The Physical Design (PD) pertains to the assessment of the load, disk space requirement, memory requirement, access and speed requirements etc for the GIS. Much of these pertain to the hardware platform on which the GIS will operate. There are no standards on PD aspects available and much of the design has to be based on experience. However, some of the key issues are as follows:

a) Disk space requirement is a major concern for GIS database designers. The paradigm THERE IS NO END TO A GIS DATABASE sums it up all as most GIS databases have realised how fast their disk space estimates have gone awry. As an illustration of this aspect, the Bharatpur database takes up about 54 MB space for the actual data. Any further integrated analysis which would create intermediate outputs would take anywhere between 3-4 times the normal space. Thus, experience shows that for a district database a 300 MB disk is just sufficient and a higher disk space would be appropriate. The differences in space utilisation of different GIS packages is reflected in a benchmark application run on PC-ARC/INFO and ISROGIS packages. The PC-ARC/INFO utilised 26.84 MB space while for the same dataset the ISROGIS utilised 35.22 MB [Rao et al, 1993]. This is to illustrate the range of space utilisation variation.

b) Load of database is also difficult to determine as there is no way of estimating the number of points, line, polygons in each spatial element. However, broad guidelines could be evolved and estimates made. For example, the National Capital Region Planning Board (NCRPB) have adopted a two way categorisation of spatial elements - three-level qualitative density based categorisation of maps and two-level full or partial coverage based categorisation for the 67 maps covering the NCR. Based upon this the total spatial maps to be organised is estimated as 657 map sheets.

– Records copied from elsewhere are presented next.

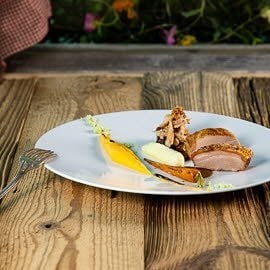 Spanferkel, Melanzani, Kürbiscreme, Kartoffelpüree mit Gin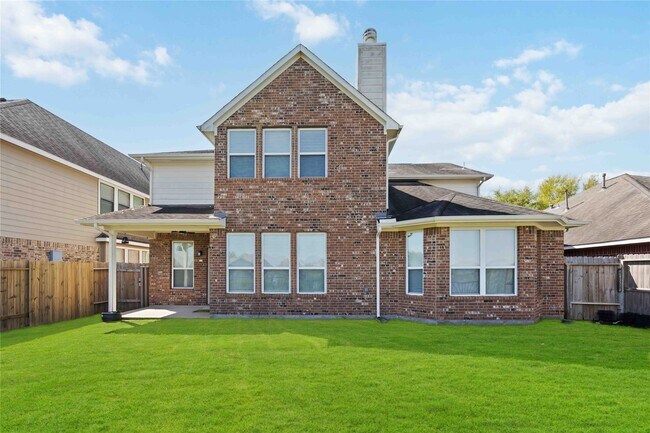 Building Photo - 6226 Oxford Lake Dr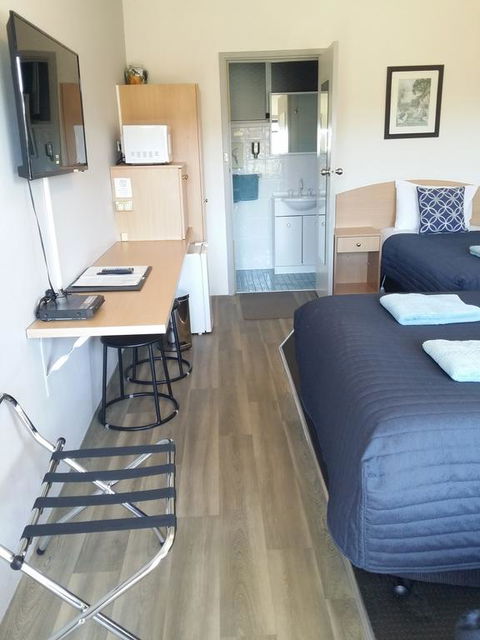 White Manor Motel - Adwords Guide 1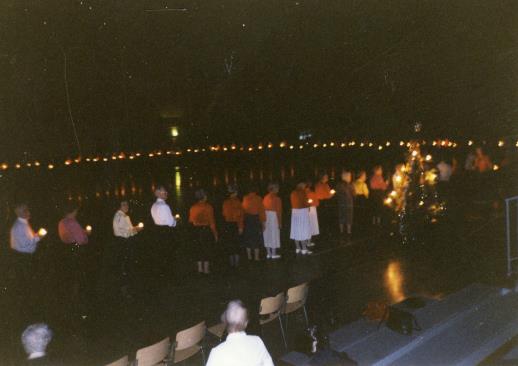 hjärtans lust. Den kanske mest oförglömliga juldansen var nog i Kuortane, 16.12.1995, där 167 dansare hade mött upp.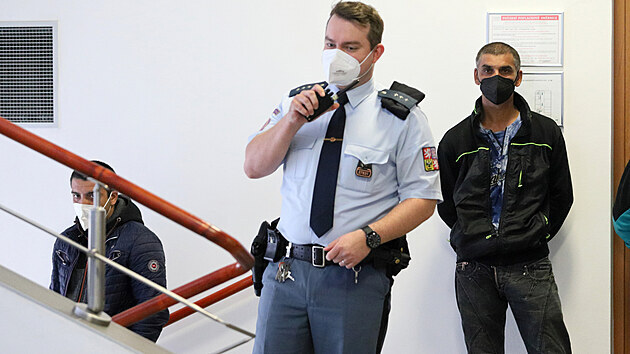 Z napaden zchrane jsou obalovan Viliam Gbor (vlevo) a Robert Pohlodko (vpravo). (23. dubna 2021)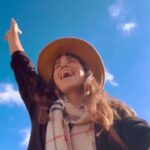 Aslı Tandoğan Instagram - Özgür bir yaşam için her türlü engele,engellemeye tacize,zorluklara göğüs geren,bunları yaparken aynı zamanda insanlığın devamı için çocuğunu doğurup büyütebilen,ölene kadar sevdiklerinin üzerinden elini çekmeyen…çalışan,öğrenen,öğreten,eğlenen,üreten,paylaşan güç timsali canım kadınlar,haydi tek bir günümüz varmış gibi kutlayalım…üzülmesinler☺️ #8martkadınlargünü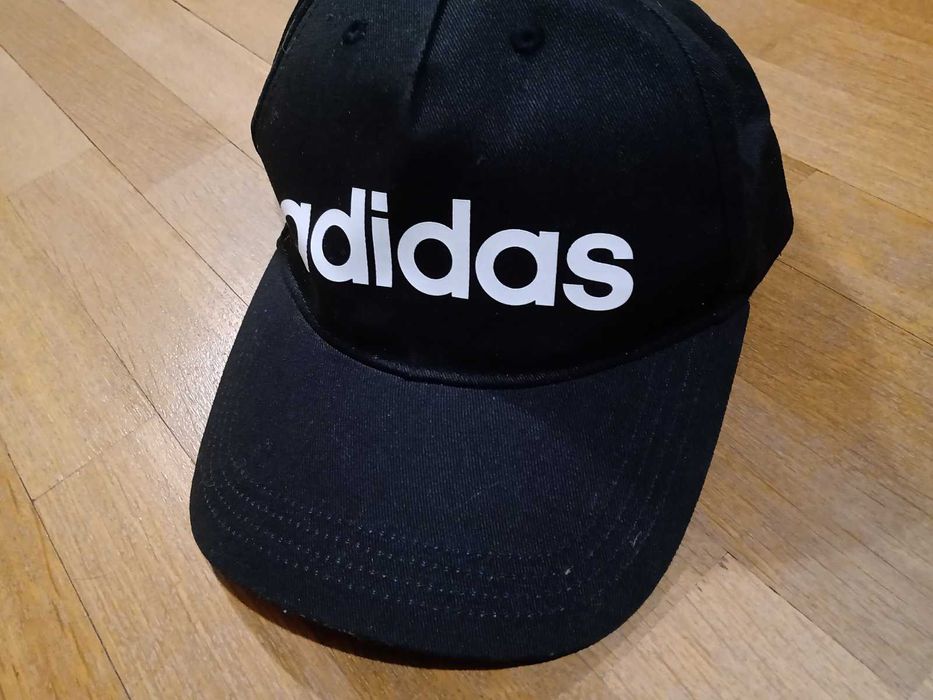 Нова Adidas Daily Cap Шапка оригинал хубава козирка НОВО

c) Access and speed requirements are more oriented towards the ability to handle large and dense maps rather that the time involved in processing. The GIS applications are not real-time applications and thus the access time or speed becomes a secondary aspect. A benchmark study on PC-ARC/INFO and ISROGIS has sown that the time taken for an overall application - consisting of various steps is 11.5 hrs and 7.5 hours respectively [Rao et al, 1993]. The point to be noted is that even though there is a 4 hrs difference the implication on the application is not driven by the difference as it is not real-time. d) File and data organisation in GIS is an activity which is taken care of by the GIS package itself and no design aspects need be considered for the physical organisation of files. Each GIS package has its own file system organisation which could be either a single file or a set of files and are transparent to the user.